Episode 39:中編
Episode 39:中編
「地下道の肉球グリッド(C-A-T-S)――ワトソンの咆哮と迷宮のキャット・ウォーク」
ビクトリア・トンネルの闇と、猫たちの眼光
「ワン!(ホームズ、この先の古いレンガの臭いの奥……尋常じゃない数のキャットフードのオイル臭がするよ!)」
シェットランド・シープドッグのワトソンが、暗い地下下水道の分岐点でピタリと足を止め、低く唸った。
彼の優れた警察犬としての嗅覚が、闇の奥に潜む「1万缶」のありかを完全にハザード・マップとして捉えていた。
(ふむ。やはりここか。白猫は、この迷宮のような地下道にフードを運び込み、ロンドン中の野良猫を餌で手懐けて、ひとつの巨大な『生体通信回線(肉球グリッド)』を構築しているな)
ホームズが暗闇を見据えると、トンネルの天井を走る配管の上、そして崩れかけたレンガの隙間から、暗闇に怪しく光る無数の「猫の目」が一斉にこちらを見下ろした。
それは、白猫の命令を忠実に実行する、統率された猫軍団の精鋭たちだった。
ヤードのオフィスでは、ハナコ・ハート刑事が
「あら、ホームズとワトソン、どこへ行ったのかしら? お散歩にしては長いのねえ」
と、紅茶をおかわりしながら優雅に首を傾げている頃――地下深くでは、人間には見えない1手先を読むチェスのような包囲戦が始まっていた。
ワトソンの「戦術誘導」
(猫どもめ、上空からの奇襲を狙っているな。ワトソン君、あの配管の構造を見るんだ。アルファベットブロックの『C-A-T-S』は、ただの単語ではない。奴らの攻撃陣形の頭文字だ!)
「ワン!(分かっているよ、ホームズ! 奴らは
『C=天井(Ceiling)』
『A=奇襲(Ambush)』
『T=戦術(Tactics)』
『S=一斉(Storm)』
の陣形だ! だが、警察犬の包囲網を甘く見るなよ!)」
ワトソンは鋭い知性でホームズのロジックを100%理解すると、後ろに控える野良犬・警察犬の混成部隊に向かって、異なる周波数の吠え声を次々と放った。

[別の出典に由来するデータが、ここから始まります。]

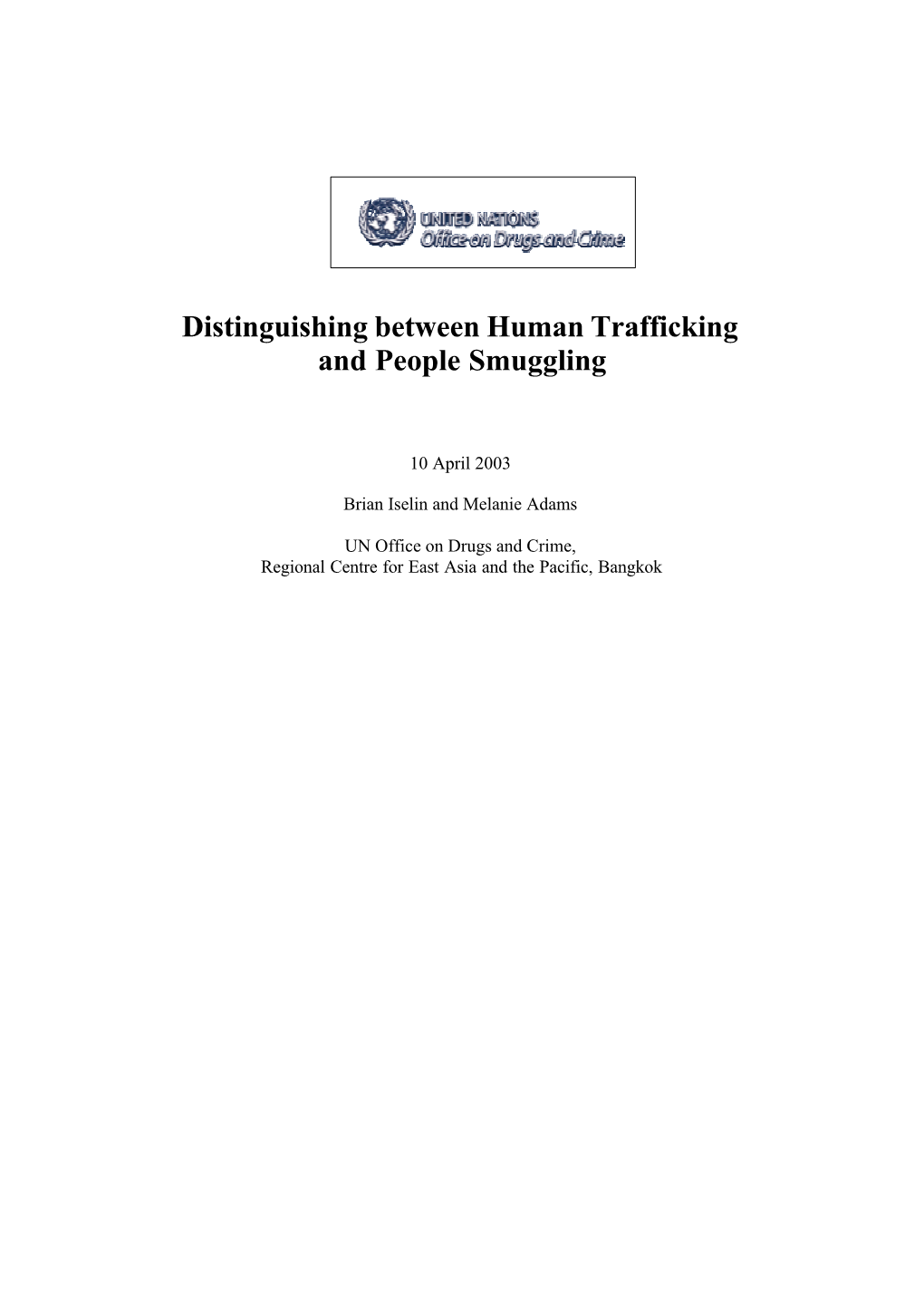 Distinguishing Between Human Trafficking and People Smuggling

「ウォン! ウーーン!(ブルドッグ隊は配管の支柱をホールド! テリア隊は左右の退路をカット! ジャックラッセル隊は前方のフードの山へ突撃だ!)」
犬たちの統率されたフォーメーションが、闇の中で一進一退のスクラムを組む。
天井から音もなく飛び降りてくる猫軍団に対し、ワトソン率いる犬たちは、決して深追いせず、訓練された「肉体の壁」を作って、猫たちの俊敏な動きを確実に狭い地下道へと追い詰めていく(ジャミング)。
分岐点の王手
「フシャーーーーッ!!」
猫軍団の幹部である巨大な黒猫が、配電盤の上からワトソンめがけて鋭い爪を突き立てた。だが、その背後から電光石火のスピードで飛び出したのは、小さなポケット・ビーグルだった。

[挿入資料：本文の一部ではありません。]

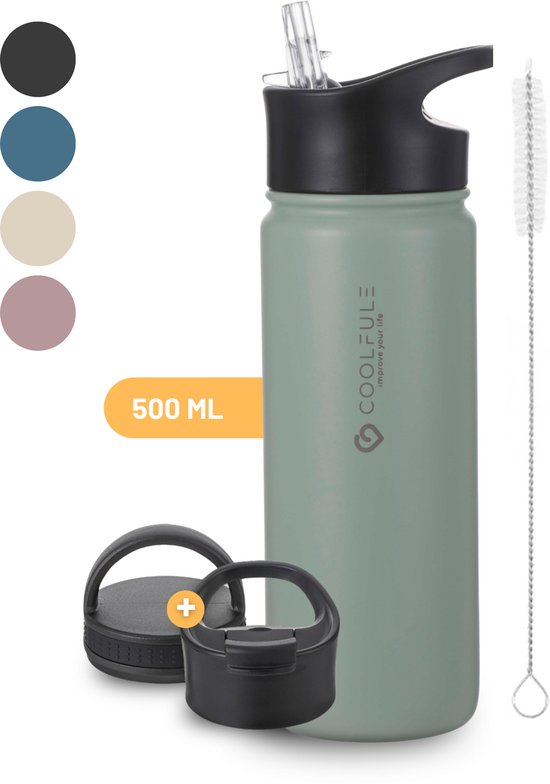 Gourde CoolFule - Vert menthe - Gourde avec paille - Gourde en acier inoxydable - 500 ml - Sans BPA - Double paroi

(そこだ! 貴様たちの通信のハブ(結節点)は、その配電盤の裏のスクラップだ!)
ホームズは黒猫の攻撃を低空潜り(ダック)で鮮やかにかわすと、配電盤のメイン同軸ケーブルへと一撃の噛みつきを食らわせた!
バチバチバチッ!
「ニャ、ニャーーーーン!?」
地下道に張り巡らされていた、猫たちの肉球による電脳ネットワークのシグナルが、一瞬にして完全に遮断される。統率を失った猫たちは、パニックを起こして四散し始めた。

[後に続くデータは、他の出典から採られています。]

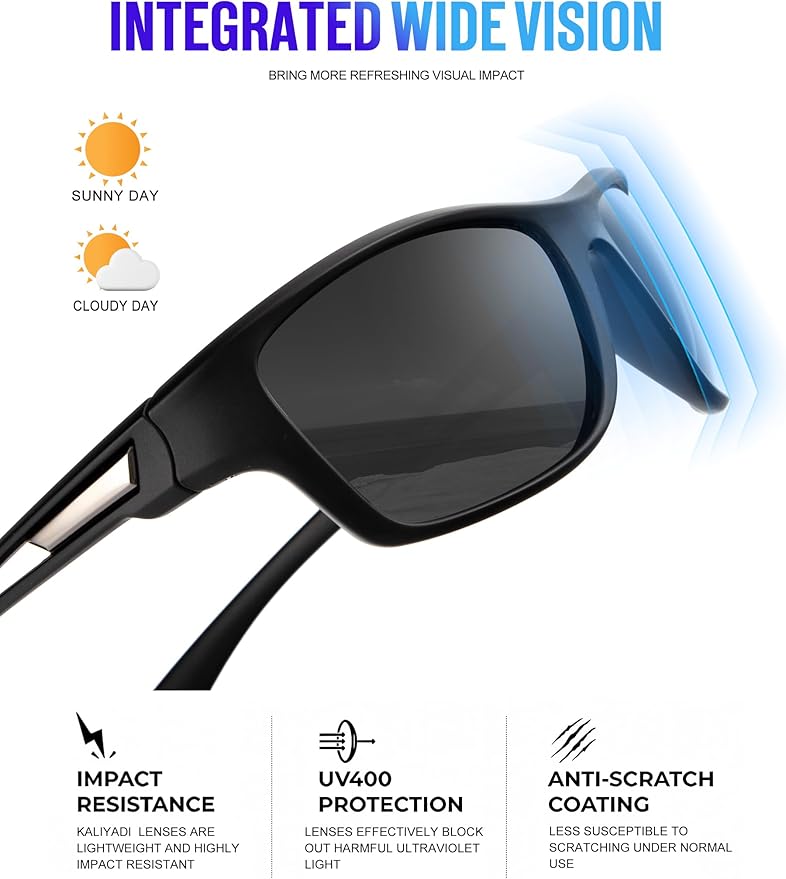 KALIYADI Polarized Sunglasses for Men, Sports Sun Glasses for Driving Cycling Fishing with UV protection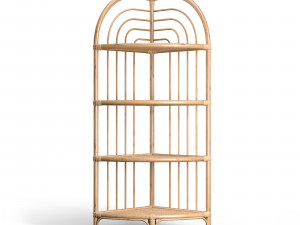 Kantha rattan corner shelf 3D Model
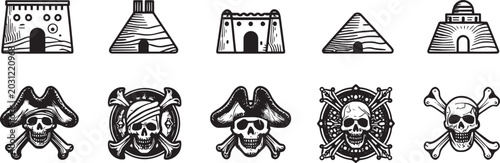 Foto Vintage Pirate Skull and Ancient Fortress Icon Set - Hand Drawn Jolly Roger Cros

「ワン!(ホームズ、やったね! 奴らの補給基地(本陣)へ続く最後のシャッターが、電力ダウンで開いたよ!)」
ワトソンが誇らしげに尾を振る。
(よし、行くぞワトソン君、そして諸君! この迷宮の最深部で待つ、あの白き影にチェックメイトをかける時間だ!)
犬たちの咆哮が、地下道の奥深くへと力強く響き渡るのだった。